The property characteristics are entered into a computerized system. The computer aids the appraiser in estimating the property value. Information from actual sales is used to update the computer model and set the table schedules which are used to update your market value. The market value estimated by the assessor should be at, or very close to, the amount the property would sell for if placed on the open market. The State Board of Equalization requires the overall level of assessment to be between 90% and 105% of market value. Assessors in Carver County consistently meet this standard.
A Value Notice is mailed each spring to every property owner in Carver County. The assessment on January 2 forms the basis for the following year's real estate taxes. That is, the value and classification set by the Assessor on January 2, 2008, is used to calculate the taxes payable in the year 2009.
How You Can Appeal Your Market Value and Property Class
If you disagree with your estimated market value or classification, you may appeal in one of the following ways:
Step One: City or Town Board of Review
Your first official opportunity to appeal your property valuation or class is at the City or Town Board of Review. It is suggested that you call the Assessor's office at the telephone number listed on your Value Notice, and discuss your concerns and ask any questions you may have. You may ask for an appointment for a physical review of your property. You may make your appeal in person, through a designated representative, or by sending a letter. If your appeal is unsuccessful, proceed to step two. NOTE: If you do not first appeal to the local Board of Review, your appeal cannot be heard by the County Board of Equalization.
Step Two: County Board of Equalization
Appeals to the County Board of Equalization can be made in person, through a designated representative or by sending a letter. To schedule an appointment for your appeal, call the County Auditor's office at the number shown on your Value Notice. If you are dissatisfied with the results of your appeal to the County Board of Equalization, you may continue your appeal to step three, the Minnesota Tax Court.
Step Three: Tax Court
There are two divisions of the Minnesota Tax Court: The Small Claims and Regular Division.
The Small Claims Division will hear appeals involving homestead property providing there is only one dwelling unit per parcel per petition, or any property with an estimated market value of less than $300,000. The Small Claims Division is quite informal with a more relaxed atmosphere than the Regular Division. The proceedings are not recorded and the decisions do not set legal precedent. All decisions of the Small Claims Division are final and cannot be appealed to another court. The cost of filing may be obtained by calling the Carver County Court Administrator's number.

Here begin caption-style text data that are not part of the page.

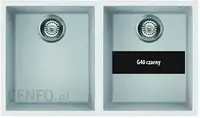 Кухонна мийка Elleci Quadra 350 G40 czarny Granitek LGQ35040BSO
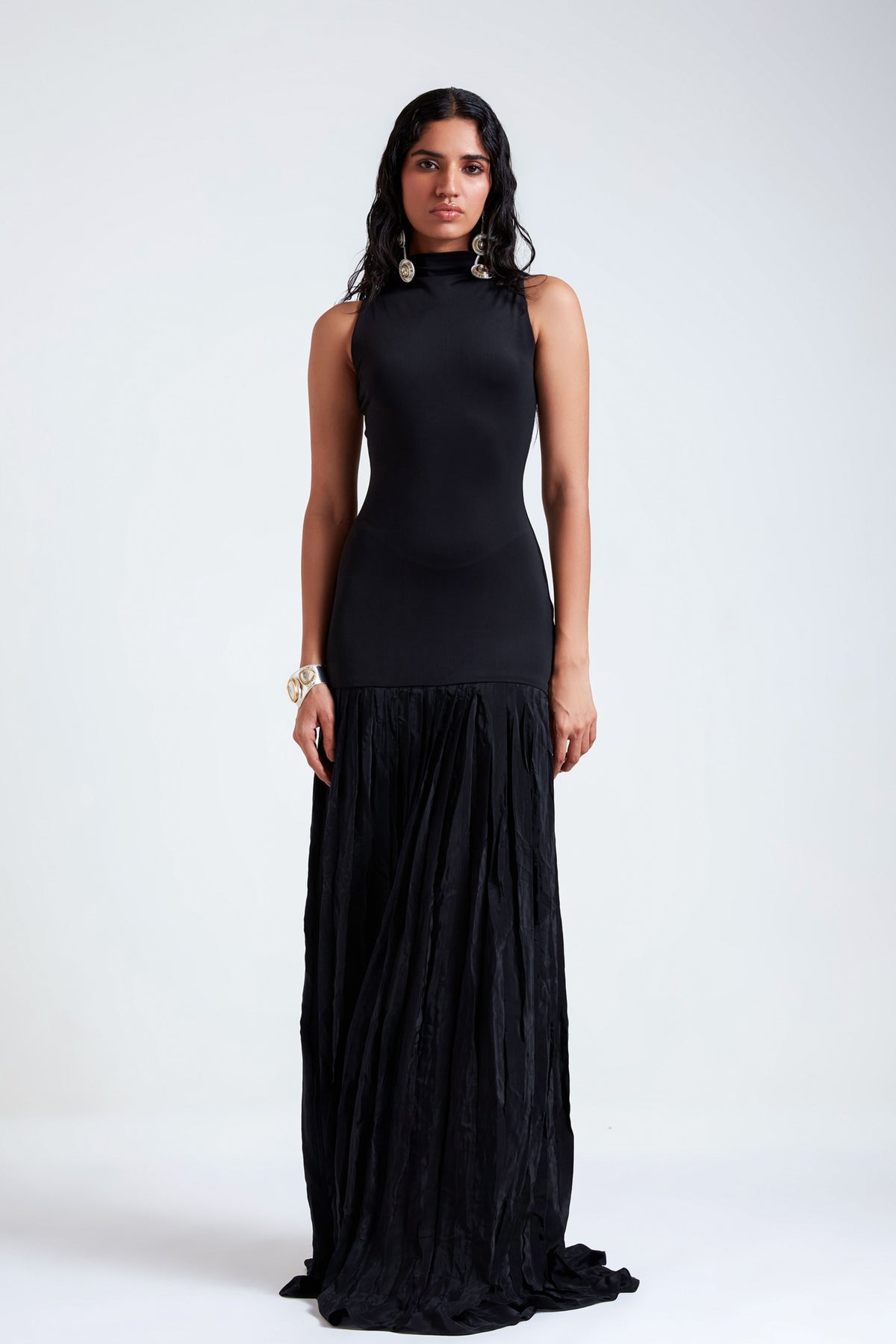 Mattia Black Gown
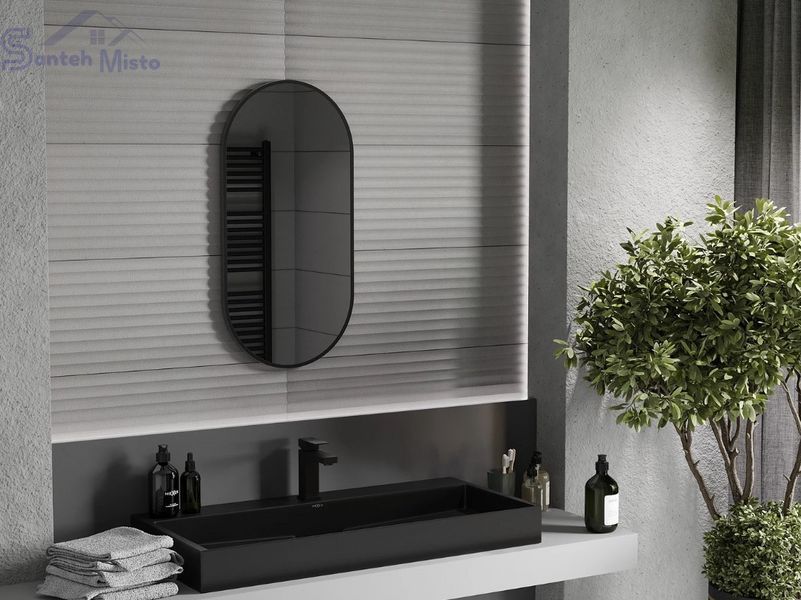 Зеркало MEXEN LOFT 90x45 BLACK овальное MEX-9851-090-045-000-70 фото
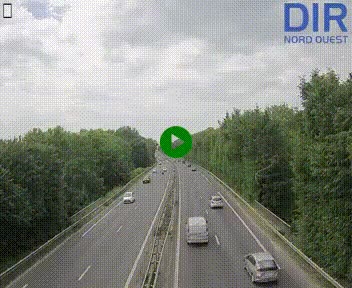 <h2>Webcam sur le périphérique de Caen (N814) à l'est de la ville, à Mondeville hauteur de la sortie 2, Presqu'île-Rives de l'Orne, au bout de l'autoroute A13</h2>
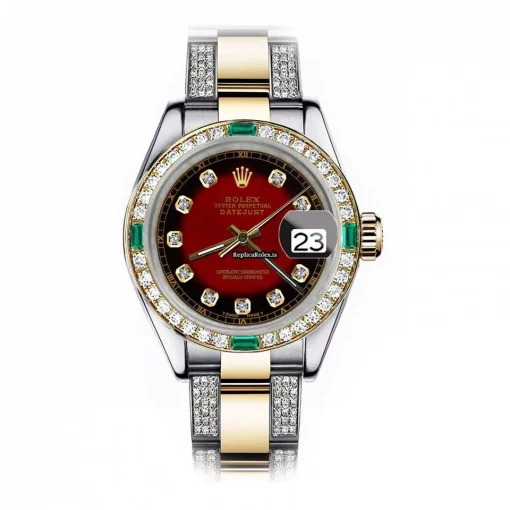 Great Fakes Rolex Datejust 16013 Automatic Movement 36mm Gold/steel Case Mens/unisex Watch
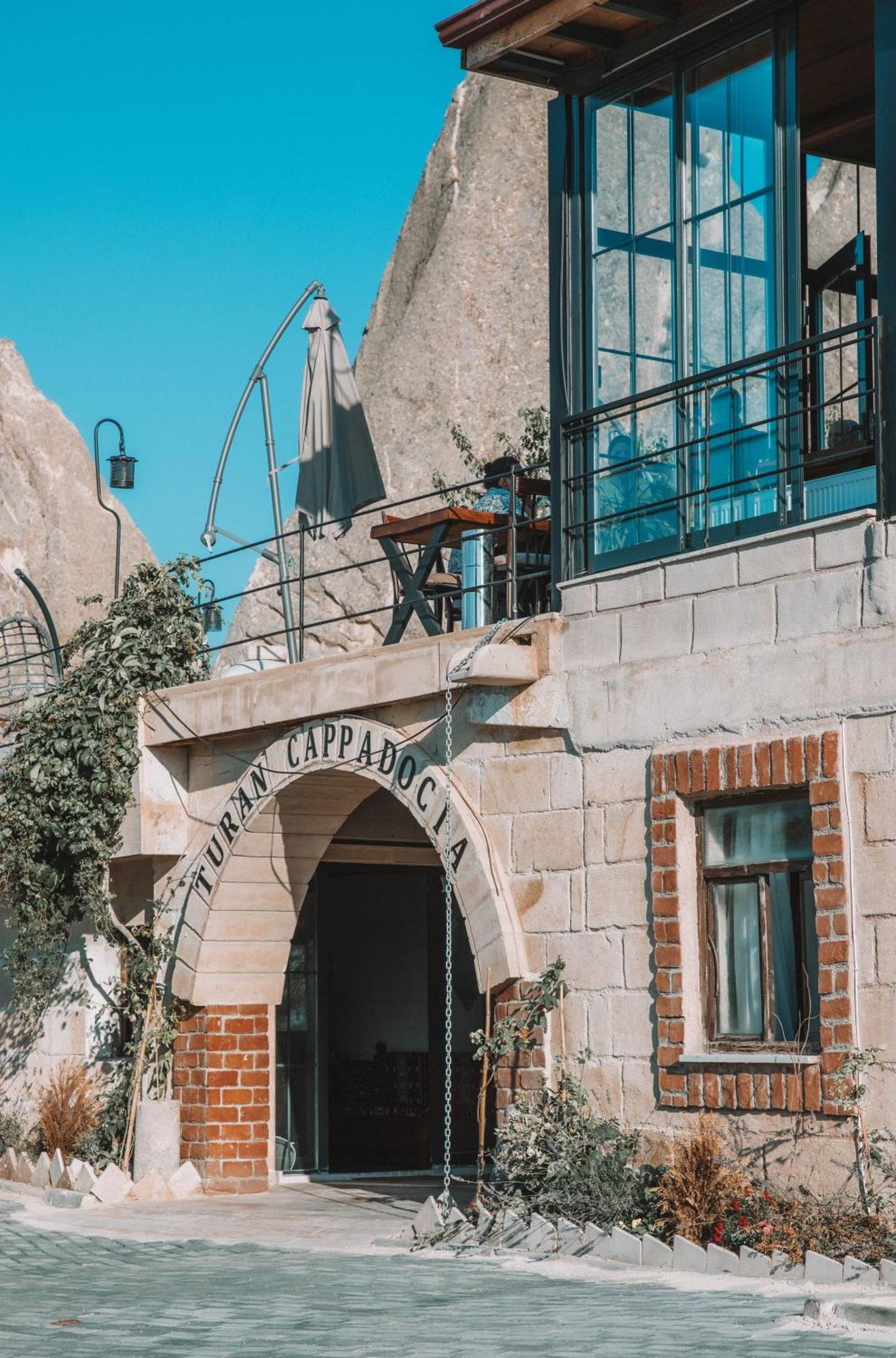 فندق Turan Cappadocia Cave غوريمِيه المظهر الخارجي الصورة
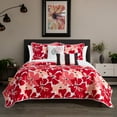 thumbnail image 1 of Aster 5 Piece Quilt Set Contemporary Floral Design Bedding, 1 of 6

The Regular Division will hear all appeals. The Regular Division is more formal than the Small Claims Division. Taxpayers are often represented by an attorney. Ordinary rules of court and evidence apply and the proceedings are recorded. Decisions of the Regular Division can be appealed to a higher court. The cost of filing an appeal may be obtained by calling the Carver County Court Administrator's number.
Appeals may be made directly to the Regular Division of the Minnesota Tax Court without utilizing the City or Town Board of Review and the County Board of Equalization. The Regular Division is described above.
Information About Filing in Tax Court
All appeals to Tax Court must be filed on or before April 30th of the year the tax becomes payable. Specific instructions on how to appeal to Tax Court, as well as forms for same, can be obtained by visiting the Minnesota Tax Court website, by contacting the Minnesota Tax Court at 25 Constitution Avenue, St. Paul, MN 55155, or from the Carver County Court Administrator's office.